Is there a workaround to the issue #11675 in pandas ?
I would like to iterate over the following DataFrame and having the applied function called only once for every row:
import pandas
from pandas import Timestamp
test_data = {
'input': {Timestamp('2015-05-01 12:30:00'): -1.,
Timestamp('2015-05-01 12:30:01'): 0.,
Timestamp('2015-05-01 12:30:02'): 1.,
Timestamp('2015-05-01 12:30:03'): 0.,
Timestamp('2015-05-01 12:30:04'): -1.
}
}
def main():
side_effects = {'state': 'B'}
def disp(row):
print('processing row:\n%s' % row)
if side_effects['state'] == 'A':
output = 1.
if row['input'] == 1.:
side_effects['state'] = 'B'
else:
output = -1.
if row['input'] == -1.:
side_effects['state'] = 'A'
return pandas.Series({'input': row['input'], 'state': side_effects['state'], 'output': output})
test_data_df = pandas.DataFrame(test_data)

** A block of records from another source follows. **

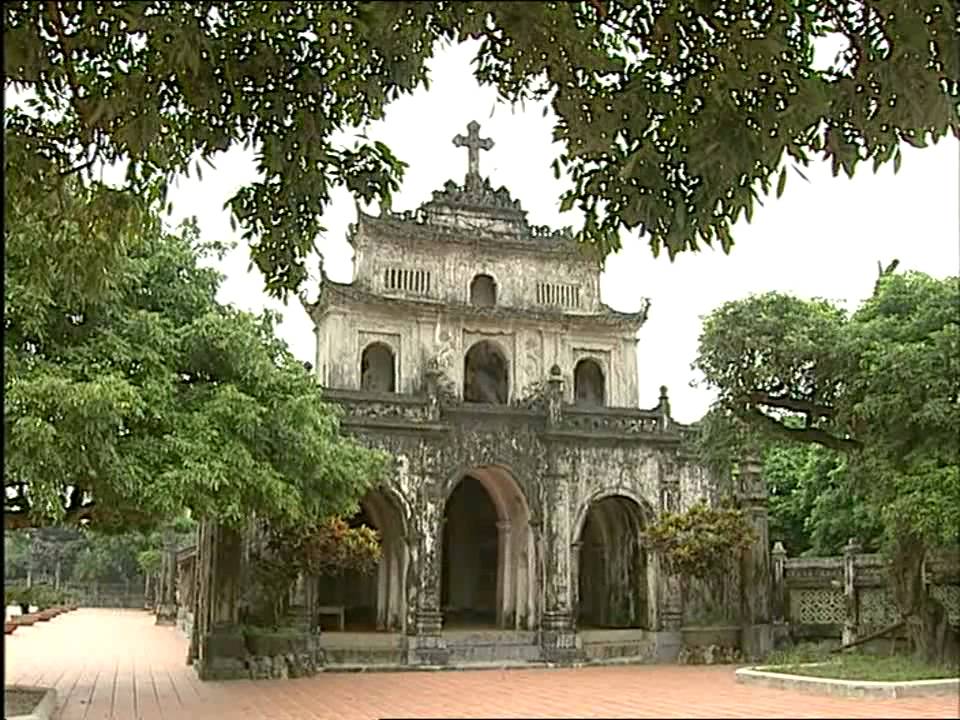 La Cath&eacute;drale de Phat Diem .avi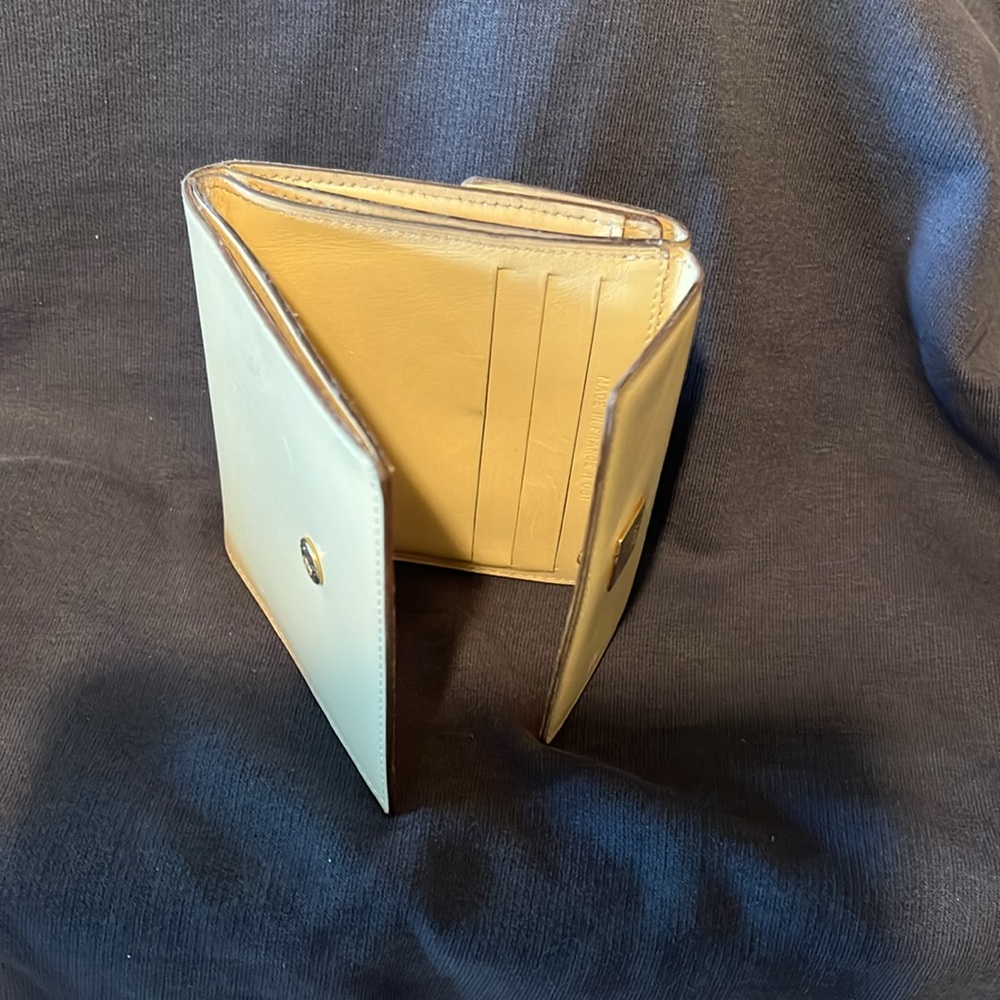 Celine bifold snap wallet cream color EUC minimal use beautiful condition - Picture 7 of 12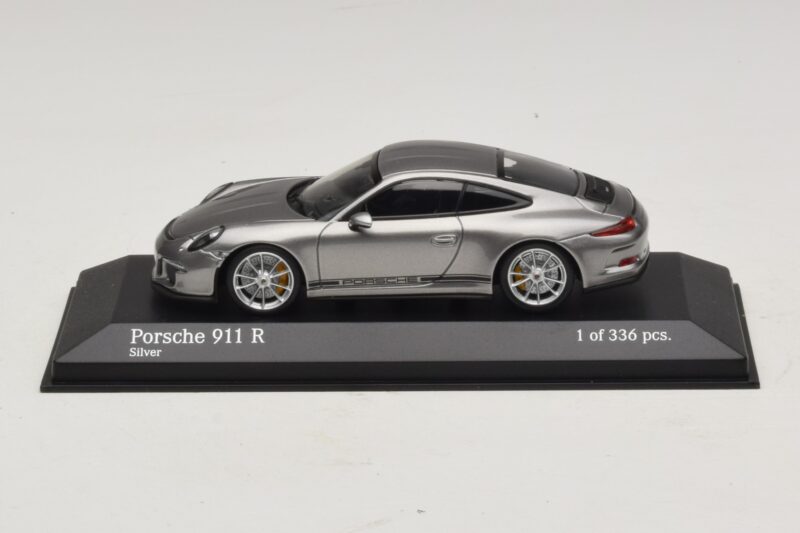 Porsche 911 991.1 R Srebrny Minichamps 1:43 410066224 Metal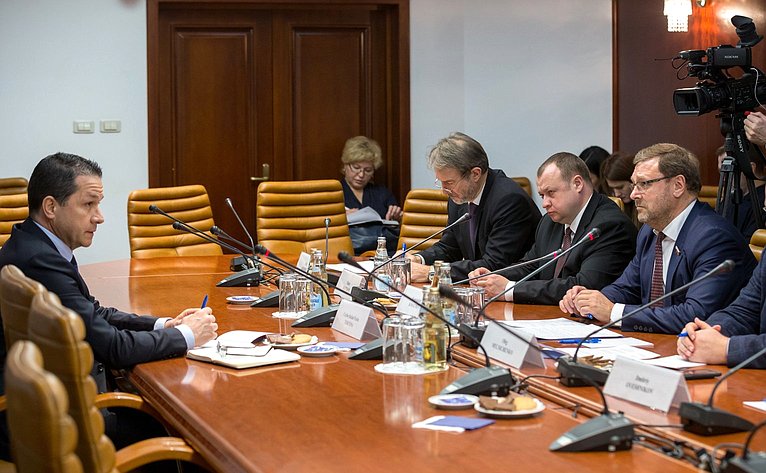 Встреча К. Косачева и О. Мельниченко с Чрезвычайным и Полномочным Послом Боливарианской Республики Венесуэла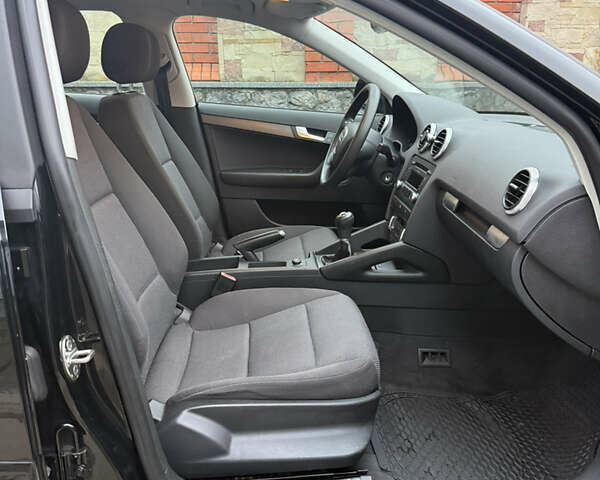 Черный Ауди А3, объемом двигателя 1.6 л и пробегом 212 тыс. км за 8599 $, фото 120 на Automoto.ua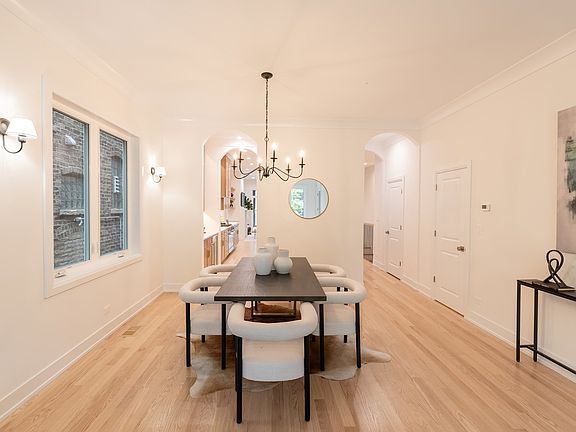 4th image of 941 N Winchester Ave #1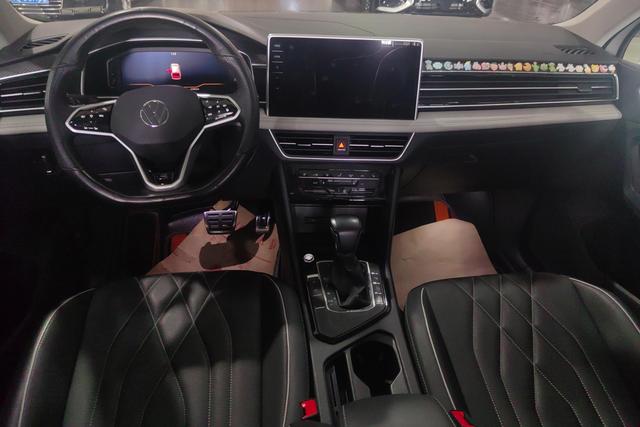 Volkswagen Tiguan L 2022 330 TSI AT 2 WDR-Line — фото 13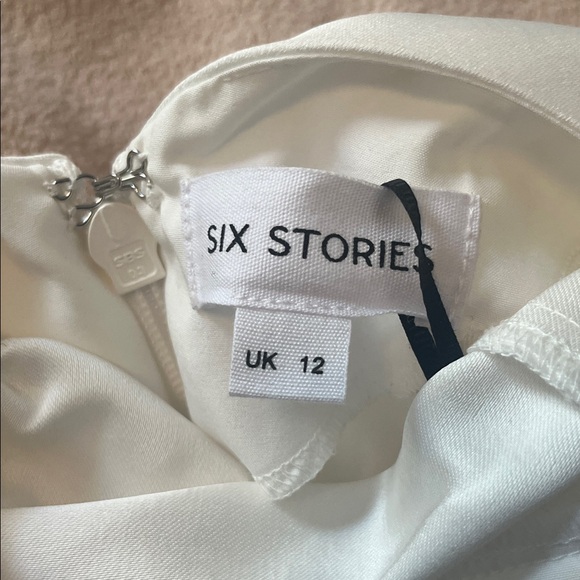 Chic Ivory Wedding Dress - Picture 2 of 6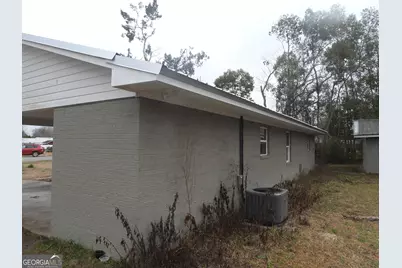 121 Beaver Drive, Blackshear, GA 31516 - Photo 3
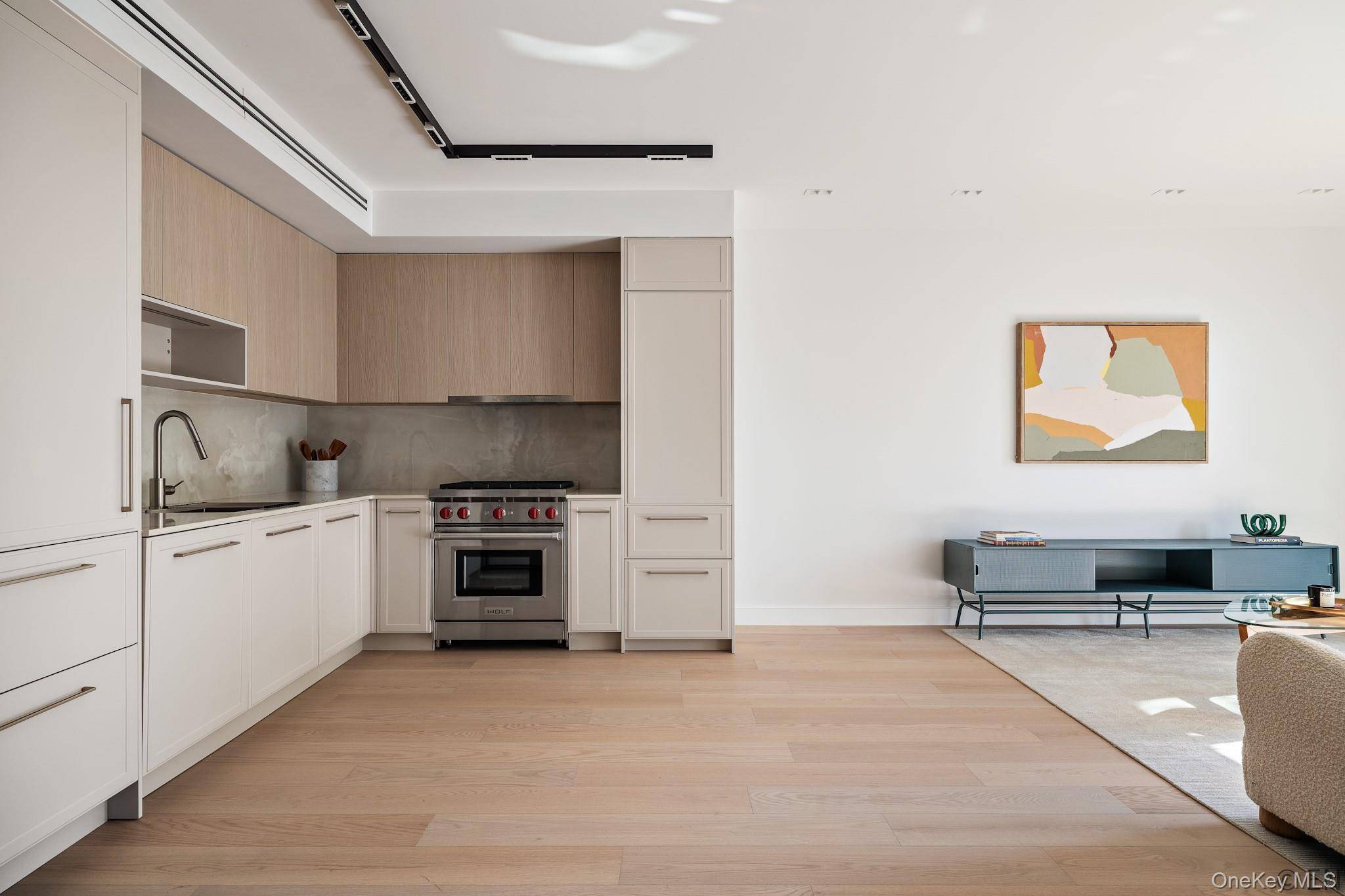 3 Bedroom Home for Sale in Brooklyn - New York - USA - 8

print(test_data_df.apply(disp, axis=1))
main()
At the moment the first row gets called twice with the following version of my environment:
python: 3.4.3.final.0
python-bits: 64
OS: Windows
OS-release: 7
machine: AMD64
processor: Intel64 Family 6 Model 42 Stepping 7, GenuineIntel
pandas: 0.17.0
So that the result DataFrame looks like:
input output state
2015-05-01 12:30:00 -1 1 A
2015-05-01 12:30:01 0 1 A
2015-05-01 12:30:02 1 1 B
2015-05-01 12:30:03 0 -1 B
2015-05-01 12:30:04 -1 -1 A
Note that, surprisingly, when I change the input values to int from float in the test_data
dict, I get the expected result:
input output state
2015-05-01 12:30:00 -1 -1 A
2015-05-01 12:30:01 0 1 A
2015-05-01 12:30:02 1 1 B
2015-05-01 12:30:03 0 -1 B
2015-05-01 12:30:04 -1 -1 A
I understand that, as the pandas apply() doc mentions, that kind of side-effects should be avoided. So generally speaking, how can we run a state machine using DataFrame columns as input, since apply() is officially not suited for the job?